## Cryptology ePrint Archive: Report 2011/537

Lattice Signatures Without Trapdoors

Abstract: We provide an alternative method for constructing lattice-based digital signatures which does not use the hash-and-sign'' methodology of Gentry, Peikert, and Vaikuntanathan (STOC 2008). Our resulting signature scheme is secure, in the random oracle model, based on the worst-case hardness of the $\tilde{O}(n^{1.5})-SIVP$ problem in general lattices. The secret key, public key, and the signature size of our scheme are smaller than in all previous instantiations of the hash-and-sign signature, and our signing algorithm is also much simpler, requiring just a few matrix-vector multiplications and rejection samplings. We then also show that by slightly changing the parameters, one can get even more efficient signatures that are based on the hardness of the Learning With Errors problem.

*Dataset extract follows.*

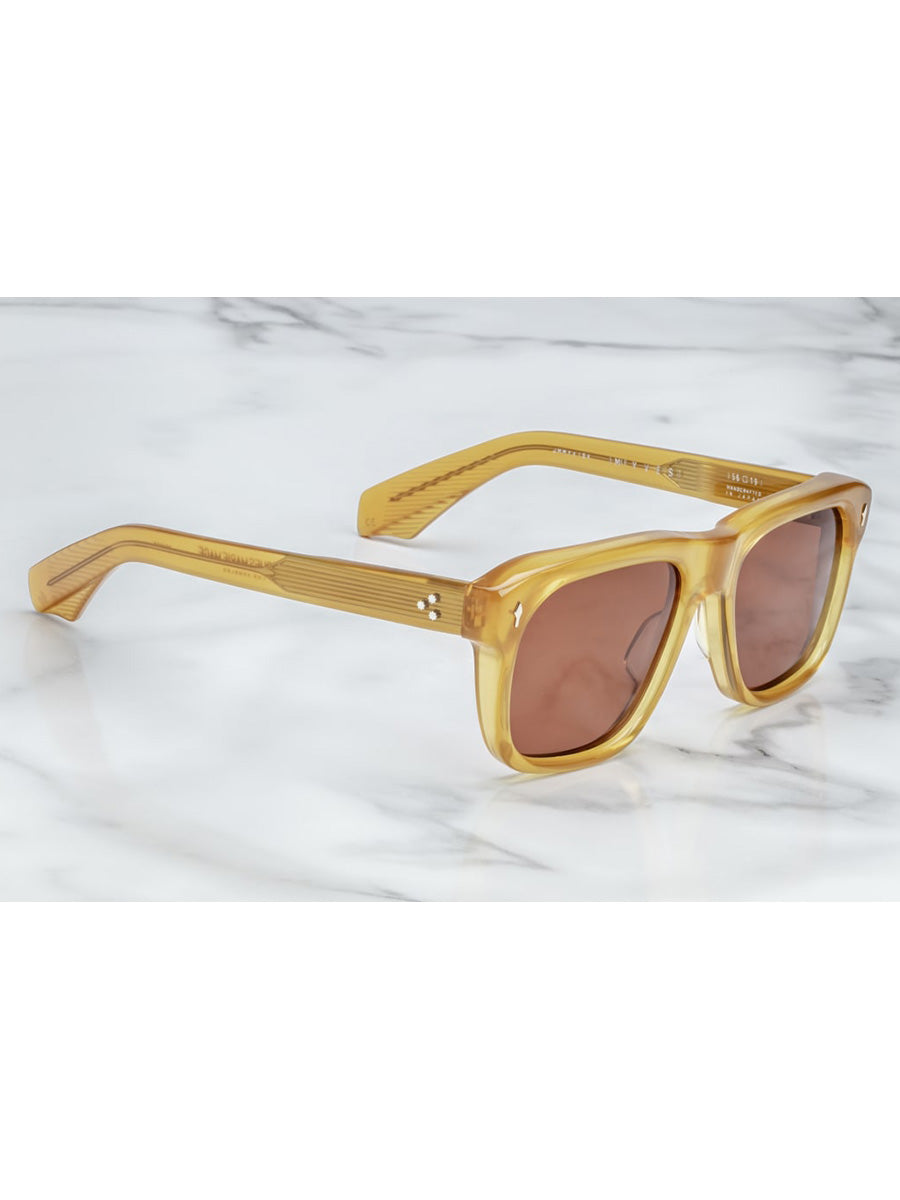 Yves Honey sunglasses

Our construction naturally transfers to the ring setting, where the size of the public and secret keys can be significantly shrunk, which results in the most practical to-date provably secure signature scheme based on lattices.

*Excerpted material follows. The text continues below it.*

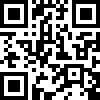 https://imna.ir/x7xbH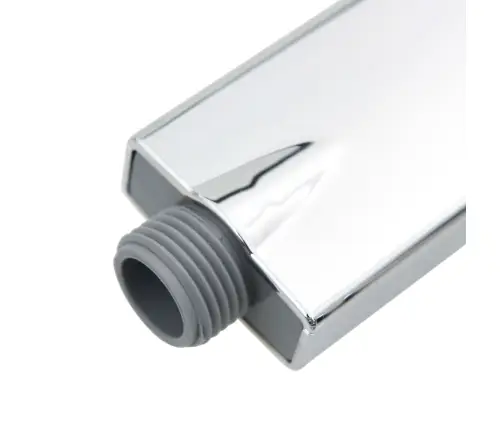 Rokas Dušas Galva, Hromēta Vidaxl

Category / Keywords: public-key cryptography / Lattice-Based Cryptography,Digital Signatures, Knapsacks, Learning With Errors

Publication Info: Full version of paper appearing at Eurocrypt 2012

Date: received 1 Oct 2011, last revised 29 Jul 2012

Contact author: vadim lyubashevsky at ens fr

Available format(s): PDF | BibTeX Citation

Note: Tightened some parameters, and made them compatible with the hardness of the decision (as opposed to search) version of lattice problems.